Drug manufacturers and importers in Nigeria have identified the forex crisis and the persistent depreciation of the naira against foreign currencies as the primary factors driving the continuous rise in drug prices.
Speaking to Pharmanews in separate interviews, they commended the Federal Government for removing tariffs and duties on pharmaceutical products but warned that the forex crisis might negate the benefits of this policy unless the government provides a lasting solution.
The Managing Director of May & Baker PLC, Pharm. Patrick Ajah, expressed concern over the impact of the forex crisis on pharmaceutical manufacturing in Nigeria. While lauding the removal of tariffs and duties on pharmaceutical products, he urged the government to urgently address the forex issue.
“There is a limit to what companies can do regarding the rising cost of drugs. Most of the materials used in drug production, such as active pharmaceutical ingredients (APIs), are imported, and with the current forex situation, companies have little room to manoeuvre. As long as the naira remains as devalued as it is, if the government doesn’t address the forex problem, the prices of drugs and other products will continue to rise persistently,” Ajah said.

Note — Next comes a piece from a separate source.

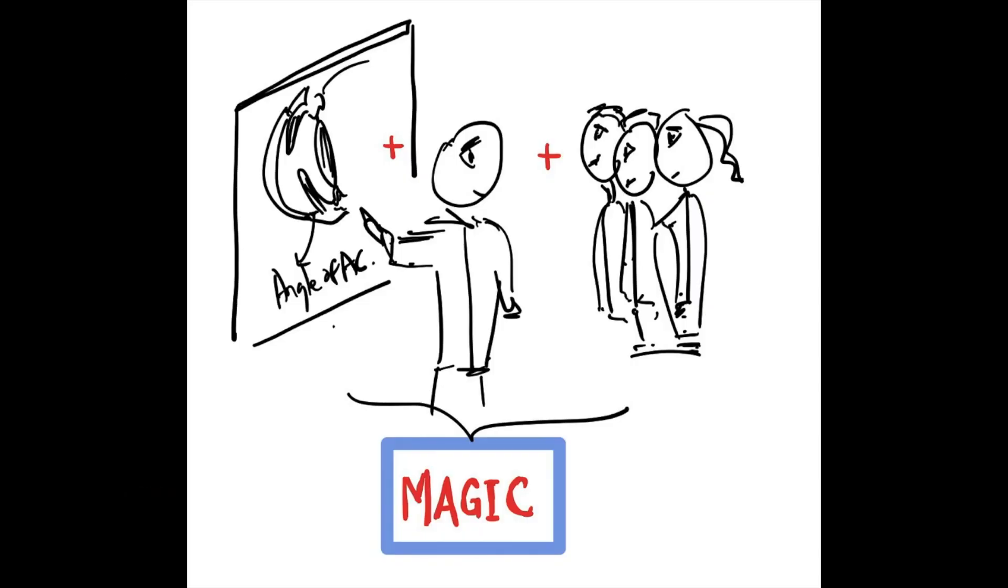In a nutshell, when we combine the classic whiteboard with a passionate teacher and inquisitive learners, what we produce is sheer magic.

He added, “Companies are incurring losses. Two years ago, the exchange rate was N461 to $1. Now, it is about N1,600–N1,700, a more than 300 per cent increase. Drug manufacturers are struggling to keep prices steady. Without government intervention, things will remain expensive for a long time.”
The General Secretary of the Indian Pharmaceutical Manufacturers and Importers in Nigeria (IPMIN), Prasenjit Banerji, highlighted forex as the main reason for soaring drug prices in Nigeria. He suggested that the best option would be to have zero duty on finished pharmaceutical goods and to accept direct trading in Indian Rupees.

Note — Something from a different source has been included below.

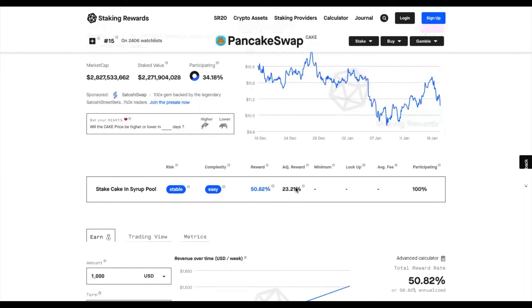The adjusted reward rate is the reward after deducting the inflation rate, which means that if you were to stake for one year, your share of the market would go up by 23%.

Pharm. Ade Popoola, managing director of Real Pharmaceuticals Limited, pointed out that the rising cost of drugs in Nigeria is primarily due to the exchange rate rather than tariffs and duties, which are 5 per cent and 10 per cent, respectively.
“The removal of 10 per cent duty or tariff may not have a significant impact if the exchange rate remains at N1,600–N1,700 to $1. To truly reduce drug costs, the government should provide a special exchange rate for pharmaceutical transactions,” he stated.

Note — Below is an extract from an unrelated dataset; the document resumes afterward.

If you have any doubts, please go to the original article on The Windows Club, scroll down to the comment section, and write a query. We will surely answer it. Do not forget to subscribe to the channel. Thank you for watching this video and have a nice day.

Dr Lolu Ojo, managing director of Merit Healthcare Limited, echoed these sentiments, emphasising that the devaluation of the naira is a major driver of rising drug costs. He noted that Nigeria’s economy is heavily import-dependent, and foreign exchange plays a crucial role in international trade. With the naira losing much of its value, prices of imported products, including medicines, have inevitably risen.
Ojo recommended addressing systemic inefficiencies to revitalise the economy and suggested bulk purchases backed by forex for essential items like medicines.
The Chairman of the Association of Industrial Pharmacists of Nigeria (NAIP), Pharm. Ken Onuegbu, also commended the removal of tariffs and duties, noting its potential to boost local production capacity. However, he stressed that the forex crisis, alongside the cost of APIs, machinery, and regulatory fees, significantly impacts drug prices.
“There are multiple factors contributing to the rising cost of drugs. To achieve affordable prices, all these challenges must be addressed. For instance, NAFDAC’s Good Manufacturing Practice (GMP) inspection fee is calculated at prevailing forex rates, which adds millions of naira to production costs,” he explained.
NAFDAC’s GMP inspection fee, currently about $11,000, was cited as a significant burden on manufacturers and importers, who often pass this cost onto consumers. Onuegbu called for special forex legislation and considerations for medicines.
Prof. Lere Baale, President of the Nigeria Academy of Pharmacists, described the forex crisis as having a profound impact on the pharmaceutical industry. He highlighted the rising costs of importing raw materials, APIs, and finished products, which has made healthcare less affordable for Nigerians.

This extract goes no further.